A man accused of murder has denied that he recruited a friend as a “getaway driver” for a planned attack on the alleged victim.
Joe Church told Leeds Crown Court that Nadeem Rashid was just driving him and Aaron Smith around in his car and denied they were hunting for Joshua Hirst on the evening of August 3.
He said Smith suddenly told Rashid to pull up.
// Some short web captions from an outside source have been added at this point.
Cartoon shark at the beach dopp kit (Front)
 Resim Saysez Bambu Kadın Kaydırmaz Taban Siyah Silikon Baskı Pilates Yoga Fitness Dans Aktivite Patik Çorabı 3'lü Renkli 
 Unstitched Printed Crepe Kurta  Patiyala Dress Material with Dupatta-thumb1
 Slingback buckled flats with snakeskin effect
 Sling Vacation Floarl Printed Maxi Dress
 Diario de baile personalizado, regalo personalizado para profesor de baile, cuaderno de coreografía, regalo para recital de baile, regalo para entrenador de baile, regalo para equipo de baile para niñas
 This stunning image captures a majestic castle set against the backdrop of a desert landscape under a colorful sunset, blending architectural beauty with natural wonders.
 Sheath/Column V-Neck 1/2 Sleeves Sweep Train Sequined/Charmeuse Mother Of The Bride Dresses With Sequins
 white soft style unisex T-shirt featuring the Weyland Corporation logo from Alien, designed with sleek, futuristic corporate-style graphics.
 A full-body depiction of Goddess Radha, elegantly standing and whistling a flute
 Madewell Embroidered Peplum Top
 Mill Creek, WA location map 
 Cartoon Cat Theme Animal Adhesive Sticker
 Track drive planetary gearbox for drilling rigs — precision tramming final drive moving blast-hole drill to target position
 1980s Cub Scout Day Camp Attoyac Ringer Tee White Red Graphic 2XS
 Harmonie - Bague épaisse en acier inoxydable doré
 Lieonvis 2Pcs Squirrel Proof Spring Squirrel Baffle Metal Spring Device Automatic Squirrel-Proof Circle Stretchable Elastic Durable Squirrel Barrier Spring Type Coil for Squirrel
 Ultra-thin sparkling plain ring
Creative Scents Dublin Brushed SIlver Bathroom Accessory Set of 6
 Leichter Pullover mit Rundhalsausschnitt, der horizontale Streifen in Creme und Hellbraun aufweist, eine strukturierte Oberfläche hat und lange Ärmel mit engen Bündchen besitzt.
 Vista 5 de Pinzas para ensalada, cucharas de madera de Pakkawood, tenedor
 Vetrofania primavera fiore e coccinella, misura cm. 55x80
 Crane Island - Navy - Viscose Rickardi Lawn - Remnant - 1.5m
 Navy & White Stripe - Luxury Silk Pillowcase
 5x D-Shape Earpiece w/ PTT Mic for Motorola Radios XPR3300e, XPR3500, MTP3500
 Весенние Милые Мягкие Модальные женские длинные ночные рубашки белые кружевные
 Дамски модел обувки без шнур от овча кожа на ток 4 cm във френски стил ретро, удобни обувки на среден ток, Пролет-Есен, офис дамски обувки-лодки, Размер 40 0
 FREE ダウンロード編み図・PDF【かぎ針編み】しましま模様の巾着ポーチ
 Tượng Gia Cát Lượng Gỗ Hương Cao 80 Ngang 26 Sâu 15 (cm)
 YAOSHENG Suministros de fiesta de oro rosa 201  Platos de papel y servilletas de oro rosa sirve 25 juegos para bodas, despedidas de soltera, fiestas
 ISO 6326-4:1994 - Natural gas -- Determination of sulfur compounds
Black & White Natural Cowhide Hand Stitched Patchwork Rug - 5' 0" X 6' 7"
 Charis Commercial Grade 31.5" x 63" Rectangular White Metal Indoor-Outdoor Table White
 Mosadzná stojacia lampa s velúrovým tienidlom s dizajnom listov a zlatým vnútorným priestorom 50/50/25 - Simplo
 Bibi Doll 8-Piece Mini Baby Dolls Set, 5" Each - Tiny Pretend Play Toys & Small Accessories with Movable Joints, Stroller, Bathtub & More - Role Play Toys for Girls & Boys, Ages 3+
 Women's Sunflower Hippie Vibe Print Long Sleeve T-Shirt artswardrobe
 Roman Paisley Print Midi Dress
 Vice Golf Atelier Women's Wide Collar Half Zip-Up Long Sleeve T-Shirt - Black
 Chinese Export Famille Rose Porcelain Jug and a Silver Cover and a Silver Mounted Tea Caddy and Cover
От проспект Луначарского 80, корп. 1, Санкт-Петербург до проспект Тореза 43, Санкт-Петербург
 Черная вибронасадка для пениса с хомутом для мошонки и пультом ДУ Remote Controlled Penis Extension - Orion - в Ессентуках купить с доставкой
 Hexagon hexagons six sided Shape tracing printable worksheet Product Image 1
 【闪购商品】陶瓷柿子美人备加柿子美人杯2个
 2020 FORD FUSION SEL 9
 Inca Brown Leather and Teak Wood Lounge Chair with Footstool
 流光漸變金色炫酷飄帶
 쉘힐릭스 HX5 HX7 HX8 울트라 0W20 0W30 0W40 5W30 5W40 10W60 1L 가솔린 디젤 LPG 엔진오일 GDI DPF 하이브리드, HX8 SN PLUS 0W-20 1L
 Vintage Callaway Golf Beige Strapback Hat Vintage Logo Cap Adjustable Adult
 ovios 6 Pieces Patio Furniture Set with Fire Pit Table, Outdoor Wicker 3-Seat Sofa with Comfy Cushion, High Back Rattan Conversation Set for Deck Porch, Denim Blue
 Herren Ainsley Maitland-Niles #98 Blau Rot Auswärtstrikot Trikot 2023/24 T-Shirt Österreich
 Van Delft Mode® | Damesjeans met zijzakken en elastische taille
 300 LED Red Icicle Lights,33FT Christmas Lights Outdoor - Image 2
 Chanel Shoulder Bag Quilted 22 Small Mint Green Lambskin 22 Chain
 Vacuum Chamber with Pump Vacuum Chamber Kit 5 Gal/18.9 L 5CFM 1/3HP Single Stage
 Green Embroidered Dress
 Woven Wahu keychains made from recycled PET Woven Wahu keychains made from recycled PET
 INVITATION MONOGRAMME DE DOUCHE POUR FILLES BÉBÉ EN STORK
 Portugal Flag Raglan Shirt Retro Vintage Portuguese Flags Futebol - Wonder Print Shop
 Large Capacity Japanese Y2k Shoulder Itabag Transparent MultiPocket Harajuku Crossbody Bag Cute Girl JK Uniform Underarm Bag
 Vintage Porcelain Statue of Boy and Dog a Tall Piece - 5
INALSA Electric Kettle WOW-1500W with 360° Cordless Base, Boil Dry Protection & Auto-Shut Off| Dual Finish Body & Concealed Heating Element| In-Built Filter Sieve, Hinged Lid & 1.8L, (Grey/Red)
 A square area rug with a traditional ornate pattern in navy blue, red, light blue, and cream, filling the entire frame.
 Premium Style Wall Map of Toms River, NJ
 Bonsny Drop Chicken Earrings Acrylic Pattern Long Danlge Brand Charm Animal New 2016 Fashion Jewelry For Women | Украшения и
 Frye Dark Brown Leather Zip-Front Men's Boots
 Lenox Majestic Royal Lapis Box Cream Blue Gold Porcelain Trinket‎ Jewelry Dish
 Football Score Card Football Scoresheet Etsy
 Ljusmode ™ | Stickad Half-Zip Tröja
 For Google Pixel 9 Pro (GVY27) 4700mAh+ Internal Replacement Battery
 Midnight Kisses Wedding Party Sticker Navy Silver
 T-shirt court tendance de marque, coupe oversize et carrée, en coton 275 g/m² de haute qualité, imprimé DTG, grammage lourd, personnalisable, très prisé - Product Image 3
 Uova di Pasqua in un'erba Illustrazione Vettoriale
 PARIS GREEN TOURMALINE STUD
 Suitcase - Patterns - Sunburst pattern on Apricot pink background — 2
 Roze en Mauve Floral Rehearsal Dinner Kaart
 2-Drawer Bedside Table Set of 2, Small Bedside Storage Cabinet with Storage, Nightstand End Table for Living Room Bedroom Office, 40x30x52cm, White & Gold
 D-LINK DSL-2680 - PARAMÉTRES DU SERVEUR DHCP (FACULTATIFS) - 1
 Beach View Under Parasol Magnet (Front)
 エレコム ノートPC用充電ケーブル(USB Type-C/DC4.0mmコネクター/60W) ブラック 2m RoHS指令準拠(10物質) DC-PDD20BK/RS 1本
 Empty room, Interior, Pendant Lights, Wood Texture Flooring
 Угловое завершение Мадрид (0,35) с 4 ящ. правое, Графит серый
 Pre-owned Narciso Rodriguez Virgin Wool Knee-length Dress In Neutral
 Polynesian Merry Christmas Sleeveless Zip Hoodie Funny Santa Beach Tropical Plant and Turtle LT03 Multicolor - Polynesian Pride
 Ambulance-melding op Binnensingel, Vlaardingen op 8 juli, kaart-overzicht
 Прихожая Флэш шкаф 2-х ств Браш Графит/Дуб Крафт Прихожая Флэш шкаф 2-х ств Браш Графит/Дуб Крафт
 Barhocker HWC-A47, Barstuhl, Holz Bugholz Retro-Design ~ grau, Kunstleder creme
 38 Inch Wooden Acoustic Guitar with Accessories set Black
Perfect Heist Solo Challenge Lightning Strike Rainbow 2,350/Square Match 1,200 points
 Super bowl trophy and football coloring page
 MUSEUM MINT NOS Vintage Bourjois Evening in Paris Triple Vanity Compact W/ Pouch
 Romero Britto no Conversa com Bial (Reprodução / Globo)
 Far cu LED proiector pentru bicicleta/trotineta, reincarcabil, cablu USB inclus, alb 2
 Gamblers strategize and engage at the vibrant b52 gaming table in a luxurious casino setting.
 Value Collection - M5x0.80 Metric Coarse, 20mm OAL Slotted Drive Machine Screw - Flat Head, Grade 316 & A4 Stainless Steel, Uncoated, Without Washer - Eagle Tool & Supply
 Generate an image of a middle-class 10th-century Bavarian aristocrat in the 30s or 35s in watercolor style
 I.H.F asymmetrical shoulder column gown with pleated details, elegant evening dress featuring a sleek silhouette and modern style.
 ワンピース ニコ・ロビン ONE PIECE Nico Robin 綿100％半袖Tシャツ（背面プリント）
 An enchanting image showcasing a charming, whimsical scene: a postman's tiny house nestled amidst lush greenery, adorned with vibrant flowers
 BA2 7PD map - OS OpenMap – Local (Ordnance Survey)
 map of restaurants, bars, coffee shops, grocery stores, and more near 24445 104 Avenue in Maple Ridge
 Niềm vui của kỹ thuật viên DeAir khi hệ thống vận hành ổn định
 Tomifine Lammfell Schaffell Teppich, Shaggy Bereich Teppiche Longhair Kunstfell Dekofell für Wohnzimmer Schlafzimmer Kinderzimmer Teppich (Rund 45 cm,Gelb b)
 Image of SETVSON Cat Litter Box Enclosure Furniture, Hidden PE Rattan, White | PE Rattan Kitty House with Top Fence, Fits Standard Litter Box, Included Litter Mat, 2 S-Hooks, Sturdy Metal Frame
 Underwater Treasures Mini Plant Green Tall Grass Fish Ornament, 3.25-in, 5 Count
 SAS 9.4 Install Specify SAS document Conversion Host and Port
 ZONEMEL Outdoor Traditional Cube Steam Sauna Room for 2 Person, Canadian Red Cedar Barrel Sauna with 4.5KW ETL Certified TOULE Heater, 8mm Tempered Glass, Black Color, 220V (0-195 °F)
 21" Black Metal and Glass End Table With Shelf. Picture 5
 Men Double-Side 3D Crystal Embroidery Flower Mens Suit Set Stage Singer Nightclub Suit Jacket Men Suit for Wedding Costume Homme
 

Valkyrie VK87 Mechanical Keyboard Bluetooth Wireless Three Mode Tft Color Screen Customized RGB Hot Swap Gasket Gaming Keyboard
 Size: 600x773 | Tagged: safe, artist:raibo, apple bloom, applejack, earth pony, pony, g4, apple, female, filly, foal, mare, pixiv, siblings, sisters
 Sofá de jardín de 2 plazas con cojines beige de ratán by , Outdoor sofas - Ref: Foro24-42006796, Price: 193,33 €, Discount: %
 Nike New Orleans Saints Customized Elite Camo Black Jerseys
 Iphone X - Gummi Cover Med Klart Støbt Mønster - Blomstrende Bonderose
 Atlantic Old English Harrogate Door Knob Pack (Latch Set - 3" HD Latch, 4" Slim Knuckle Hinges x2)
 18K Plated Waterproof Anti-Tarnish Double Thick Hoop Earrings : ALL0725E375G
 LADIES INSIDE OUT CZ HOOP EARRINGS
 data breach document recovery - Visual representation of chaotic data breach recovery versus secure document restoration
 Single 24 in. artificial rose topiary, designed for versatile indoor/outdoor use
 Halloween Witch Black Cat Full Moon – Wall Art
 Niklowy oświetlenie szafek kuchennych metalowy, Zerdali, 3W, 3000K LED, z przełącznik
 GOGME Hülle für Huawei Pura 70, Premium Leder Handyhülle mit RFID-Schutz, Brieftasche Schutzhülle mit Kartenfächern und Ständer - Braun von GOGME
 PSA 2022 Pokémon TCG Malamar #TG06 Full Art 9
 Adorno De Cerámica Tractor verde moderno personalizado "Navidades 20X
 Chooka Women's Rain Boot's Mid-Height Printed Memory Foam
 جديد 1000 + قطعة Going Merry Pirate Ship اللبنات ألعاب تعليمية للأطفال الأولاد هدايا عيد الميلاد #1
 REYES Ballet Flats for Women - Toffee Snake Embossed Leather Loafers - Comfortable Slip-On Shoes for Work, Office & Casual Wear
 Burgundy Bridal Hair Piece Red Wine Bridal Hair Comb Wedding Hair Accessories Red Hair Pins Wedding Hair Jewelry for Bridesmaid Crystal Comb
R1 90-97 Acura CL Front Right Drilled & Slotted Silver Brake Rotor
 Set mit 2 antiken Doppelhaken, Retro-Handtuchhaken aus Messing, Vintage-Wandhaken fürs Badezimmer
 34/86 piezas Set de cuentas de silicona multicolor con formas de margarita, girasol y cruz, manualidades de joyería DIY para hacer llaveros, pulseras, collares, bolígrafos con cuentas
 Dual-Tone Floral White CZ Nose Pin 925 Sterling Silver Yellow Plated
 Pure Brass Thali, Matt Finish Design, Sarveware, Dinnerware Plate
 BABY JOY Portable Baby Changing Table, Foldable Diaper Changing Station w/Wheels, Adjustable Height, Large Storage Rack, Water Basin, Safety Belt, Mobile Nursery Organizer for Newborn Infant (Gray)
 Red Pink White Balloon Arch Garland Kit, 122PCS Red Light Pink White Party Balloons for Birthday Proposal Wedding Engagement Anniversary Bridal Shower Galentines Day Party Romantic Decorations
He then got out and said he wanted to talk to someone and Church said he followed him until Smith met Mr Hirst near his home in Grove Street, Mirfield.
Under cross-examination by Neil Davey, QC, prosecuting, he denied that he and Smith were wearing balaclavas and had attacked Mr Hirst who collapsed and died after his throat was slashed and his carotid artery cut.
Church told the jury he presumed Mr Hirst had suffered his fatal injuries after he and the victim struggled over a knife which had fallen from one of his pockets and was picked up by Mr Hirst.
He agreed he was wearing gloves at the time but denied that was to keep fingerprints off the knife, bought that morning.
He told the jury: “I wear gloves on a regular basis when I go out, it is still not that warm at night.”
Mr Davey suggested the pair ran back to Rashid’s car where he was waiting with the engine running. “That’s why you told him to get rid of his phone, if the phone traffic linking you was innocent there would be no need for him to do so,” he said.
“That’s not right,” said Church, who told the jury he was just panicking in general about what had happened.
He denied he later said to others that Mr Hirst deserved what had happened to him for his part in damage earlier in the year at Church’s home. “I never said that, it’s a complete lie,” he said.
Church, 21, of Redlands Close, Mirfield, Smith, 19, of Saville Street, Emley, and Rashid, 21, of Lapwing View, Horbury, Wakefield each deny murdering Mr Hirst, 20, and possessing an offensive weapon.
The jury heard Smith will not be giving evidence.
The Recorder of Leeds, Judge Peter Collier QC, asked Smith’s barrister Peter Joyce QC if he had been advised that the jury may draw such inferences as appear proper from that decision.
Mr Joyce said: “We have given him appropriate proper advice and he has decided not to give evidence.”